Le TGV... encore

2014 ne pouvait pas mourir sans que quelqu’un, quelque part, nous chante pour la ixième fois la ritournelle d’un TGV dans le corridor Québec-Windsor; l’article est paru dans le journal Le Devoir du 29 décembre.

Nous n’avons pas l’intention de faire une longue démonstration du peu d’intérêt d’un tel article. Mais nous aimerions partager très brièvement quelques éléments de réflexion.

Tout d’abord, chanter les mérites du TGV en invoquant l’Europe comme exemple c’est escamoter quelque peu la réalité. Cette réalité, c’est que le TGV coûte cher. À ce titre, l’exemple français est éloquent. Nous vous invitons à consulter quelques articles : Challenge (2011), France Soir (2012), La Tribune (2014).

Il faudrait également voir jusqu’à quel point le TGV français n’a pas représenté des subventions à peine voilées pour soutenir une industrie qui, sans les projets de l’État, ne serait peut-être pas viable. Cet article est à ce titre suggestif.

La réalité, c’est aussi que plusieurs pays européens ont fait d’autres choix, qui ont été quelque peu escamotés par l’obsession de la grande vitesse. La Suède par exemple, qui est un pays dont la démographie se compare à celle du Québec, a fait le choix du train à 200 km/h sur voie classique. Les Suédois roulent à une vitesse fort appréciable, pour une fraction du prix d'un TGV et sans délai.

D’autres vont invoquer le lancement du TGV californien, un projet de 68 milliards de dollars qui va s’échelonner sur 14 ans; la Californie, c'est pratiquement 39 millions d'habitants.

Les exemples de la Suède et de la Californie sont intéressants dans la mesure où il pose la question suivante : quel est, pour un corridor donné, le meilleur rapport coût/vitesse? La France, sur plusieurs corridors, voulait la vitesse absolue; elle en a payé le prix; même chose pour la Californie qui doit attendre encore 14 ans. La Suède a fait un compromis qui lui permet de rouler vite à peu de frais. Il existe donc plusieurs modèles qui pourraient nous inspirer.

D’autres enfin vont invoquer le modèle chinois. Certes, la Chine va de l’avant avec de nombreux projets de TGV, mais il faut rappeler que la Chine n’a pas beaucoup de contraintes (environnement, loi du travail, salaire minimum, coût du foncier, respect des communautés, etc.).
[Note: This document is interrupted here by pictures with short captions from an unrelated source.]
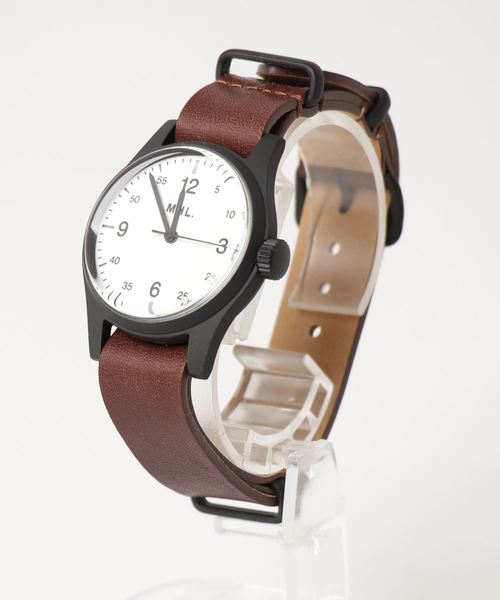 MHL.(エムエイチエル)の「MILITARY LEATHER WATCH(アナログ腕時計・レディース・ブラック/ブラウン・FREE)」の5枚目の写真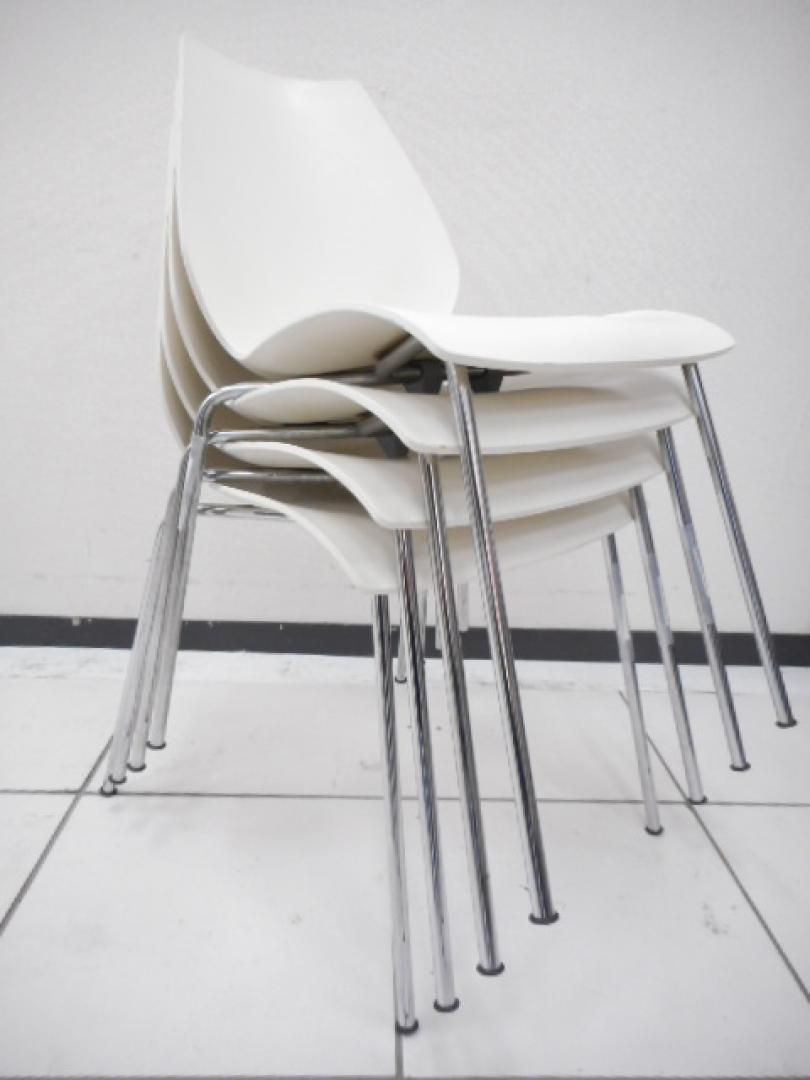 【4脚セット】スタッキングチェア■オカムラ製・ホワイト
                        
                                    中古
            
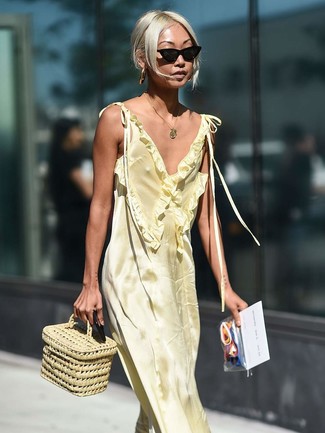 Handtasche kombinieren – 36 Casual Damen Outfits: Die Paarung aus einem gelben Satin Maxikleid und einer Handtasche schafft die ideale Balance zwischen legerem Trend-Look und modernem Aussehen.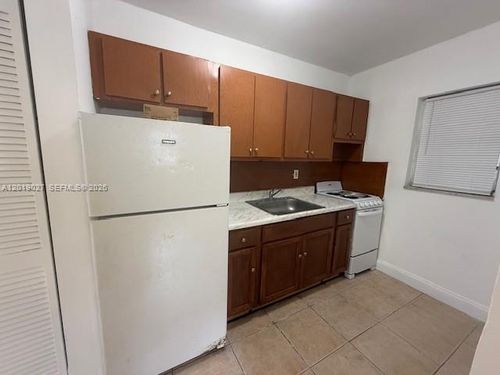 5-3698 William Ave, Miami, FL, 33133-5744 | Card Image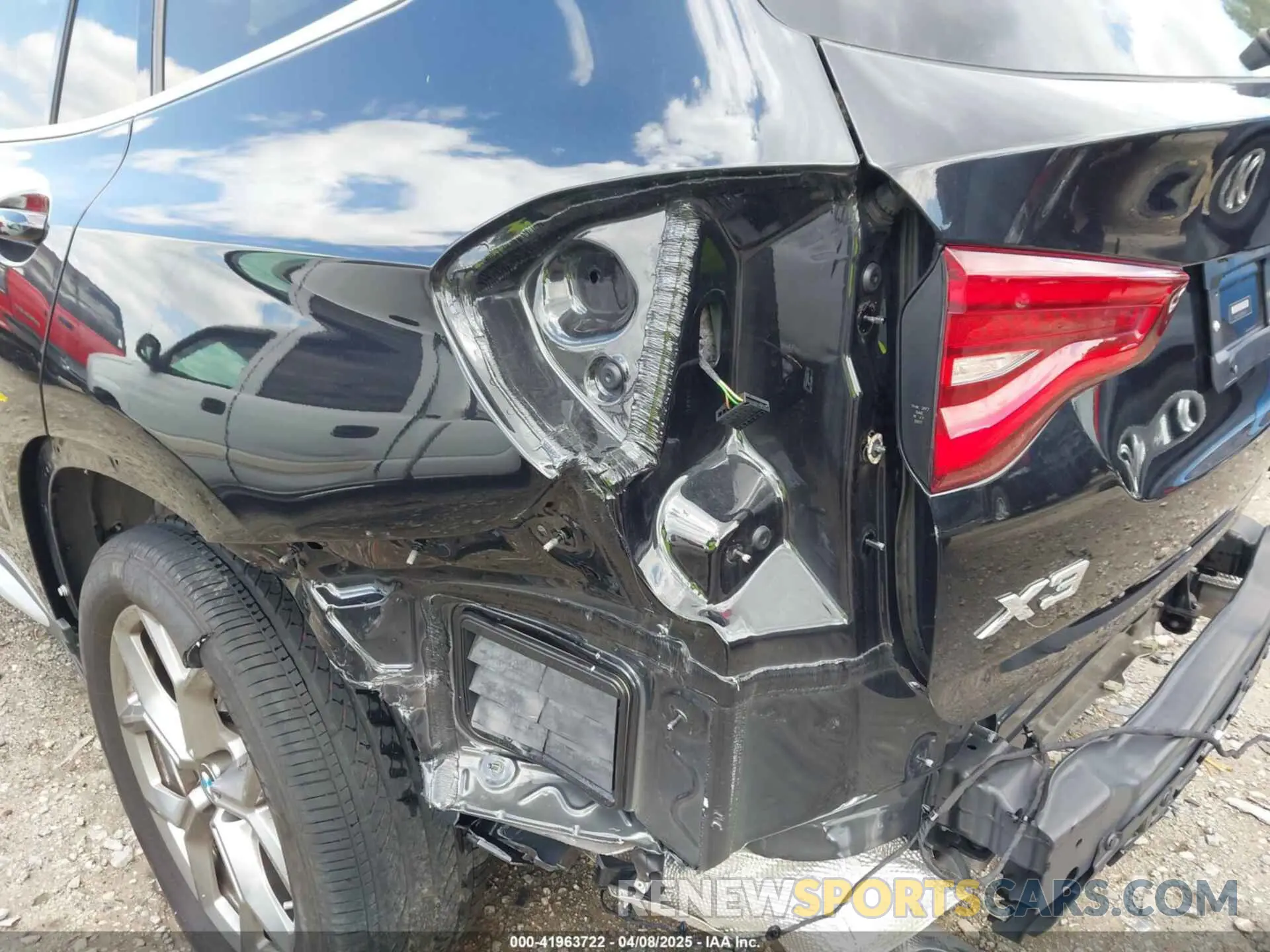18 Фотография поврежденного автомобиля 5UXTY5C07M9E46227 BMW X3 2021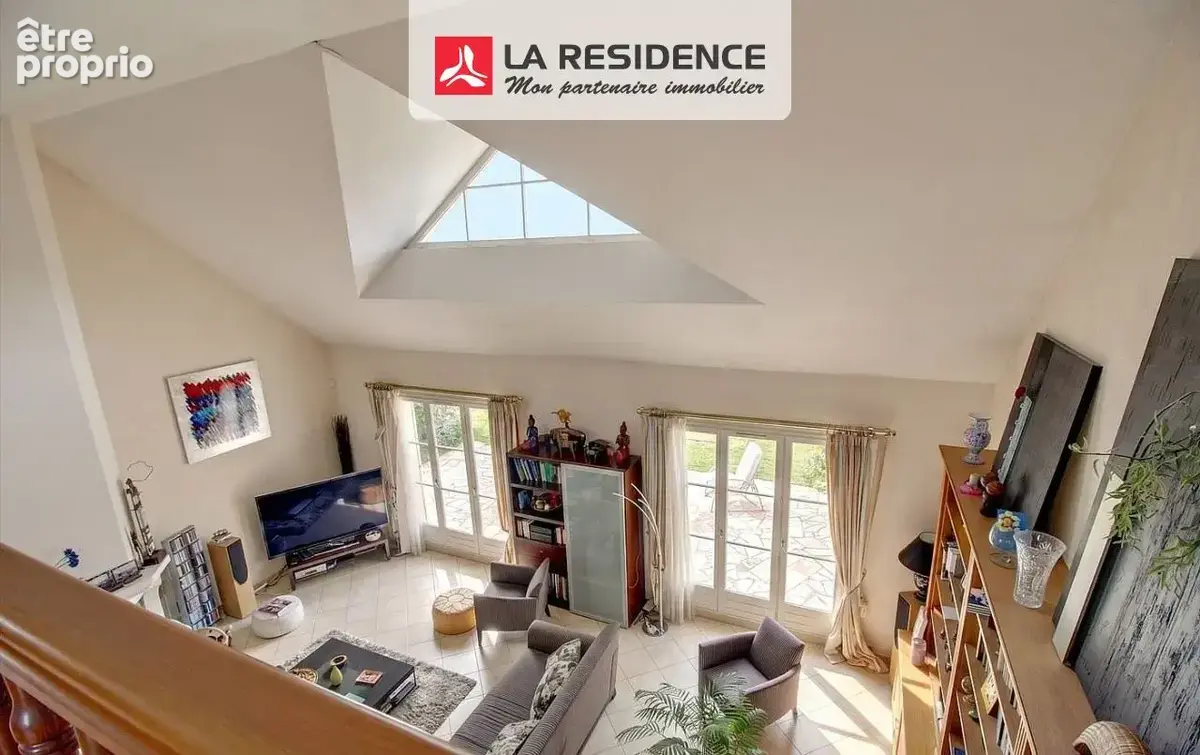 Maison 8 pièces 251 m² à vendre à Aigremont (78240) - photo 9
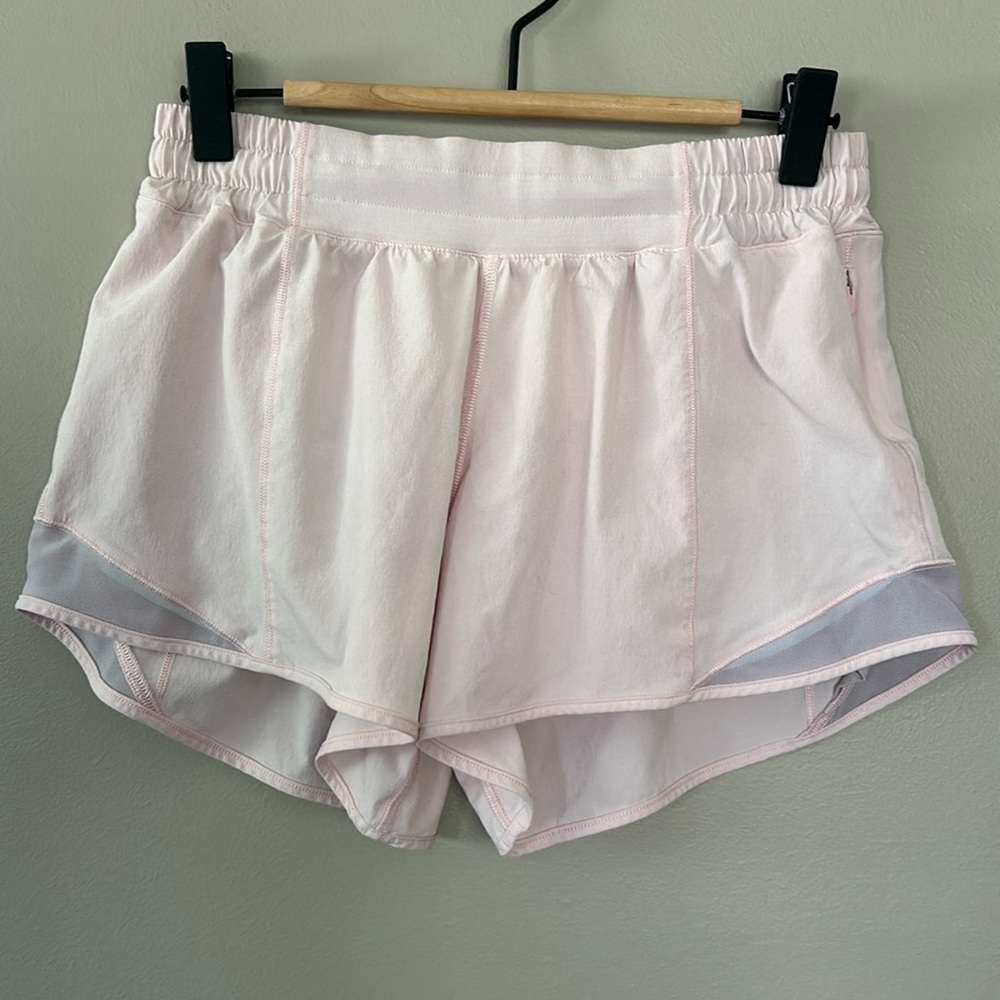 Lululemon Hotty Hot Short II Sz‎ 6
Non pas que le TGV soit un mauvais moyen de transport. Bien au contraire! Mais certaines études ont démontré que les conditions d’implantation d’un TGV sont particulièrement étroites. Et le corridor Québec-Windsor ne serait vraisemblablement pas en mesure de soutenir raisonnablement un TGV, comme l’a montré une étude commandée par le gouvernement de l’Ontario en 2010.
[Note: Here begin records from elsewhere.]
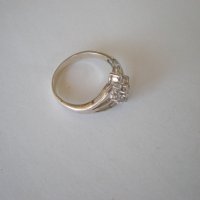Сребърен пръстен с камъчета, снимка 2 - Пръстени - 18674076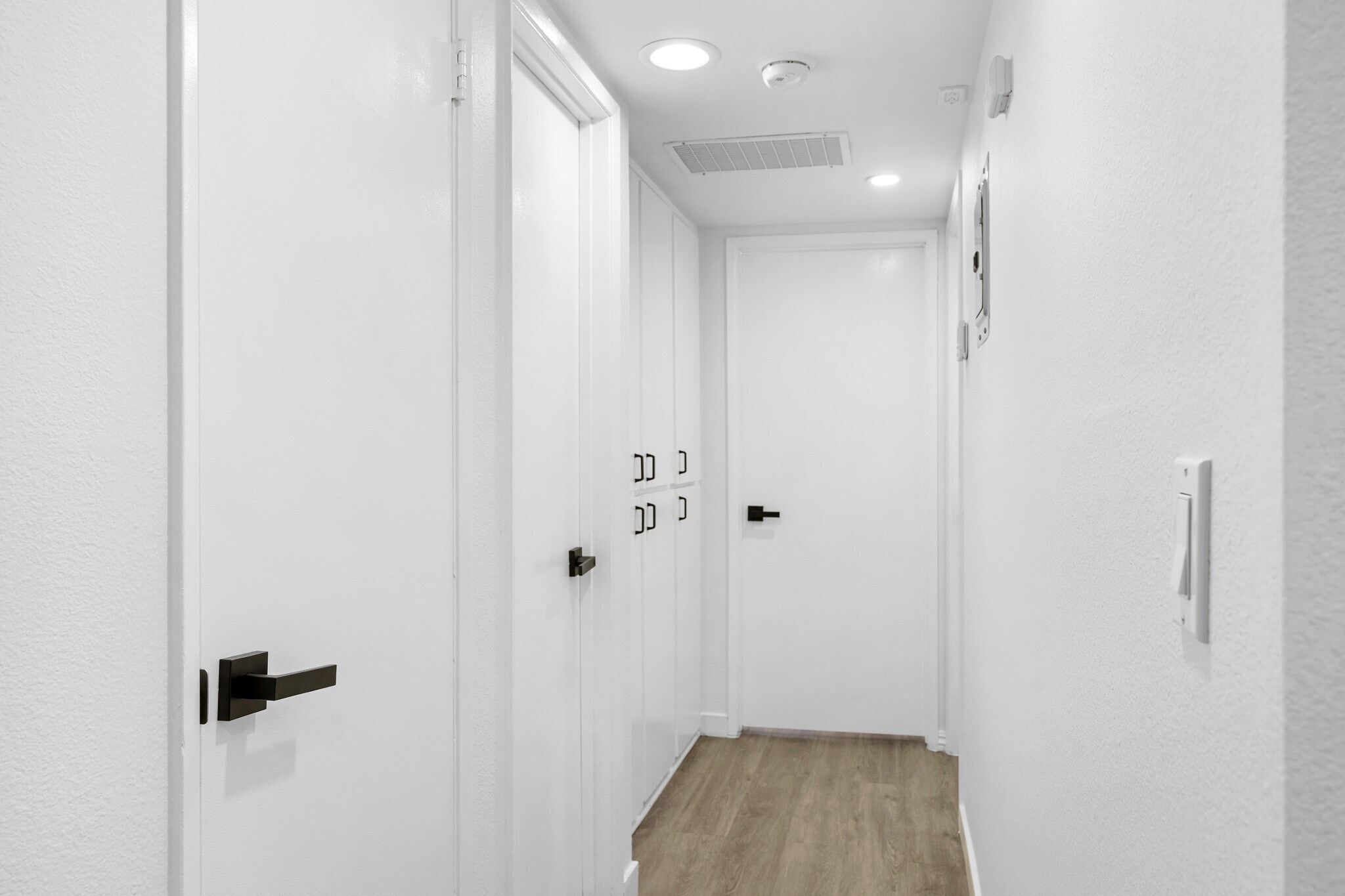 Building Photo - 408 Burchett St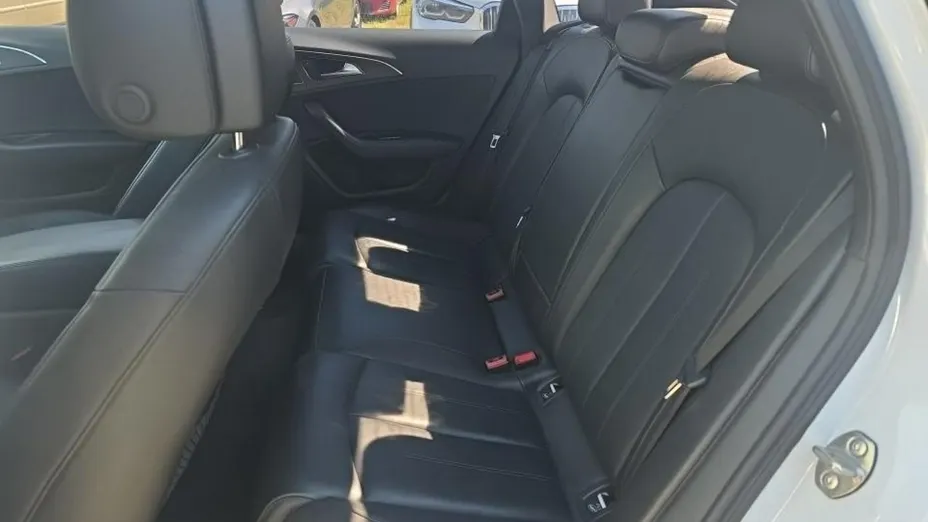 AUDI A6 -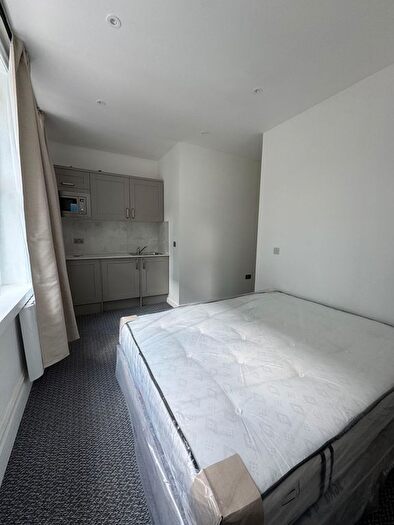 Studio To Rent In Bond Street, London, W5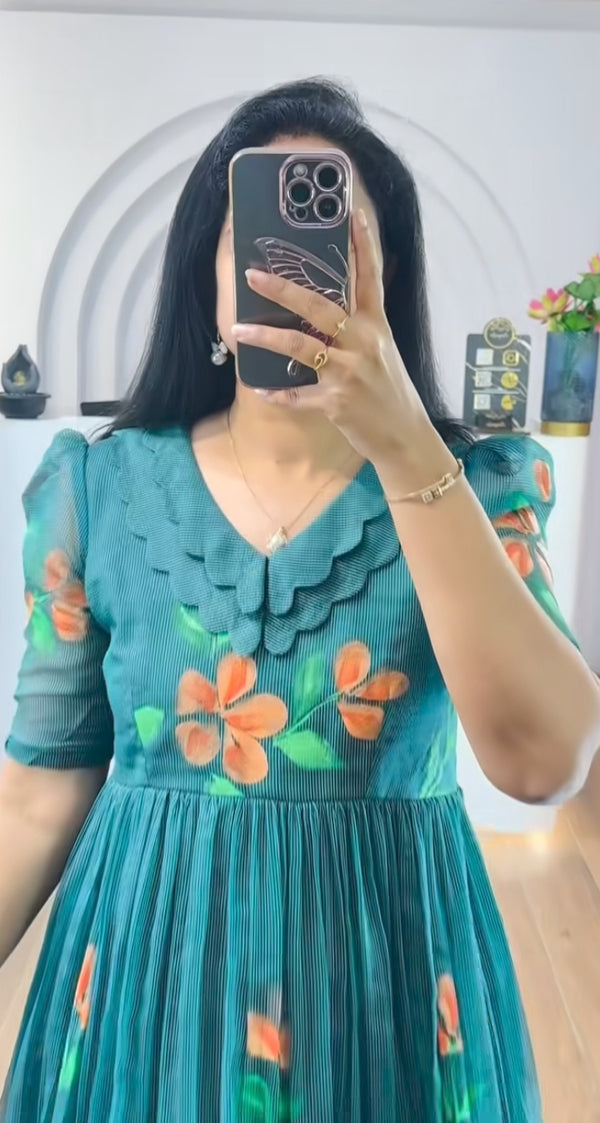 Ellie Printed Beautiful Maxi Dress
Contrairement à ce que suggère la mise en page de cet article du Devoir, la vraie nouvelle, ce n’est pas le rêve d’un TGV, mais ce qui semble être l’intention de VIA Rail de construire une voie dédiée entre Montréal et Toronto pour un train passager roulant à 160 km/h (lire à cet effet une conférence du président de VIA Rail).

N’est-il pas préférable de rouler dès aujourd’hui à 160 km/h plutôt que de rêver au TGV?

Auteur: 
Rémi Guertin Ph.D.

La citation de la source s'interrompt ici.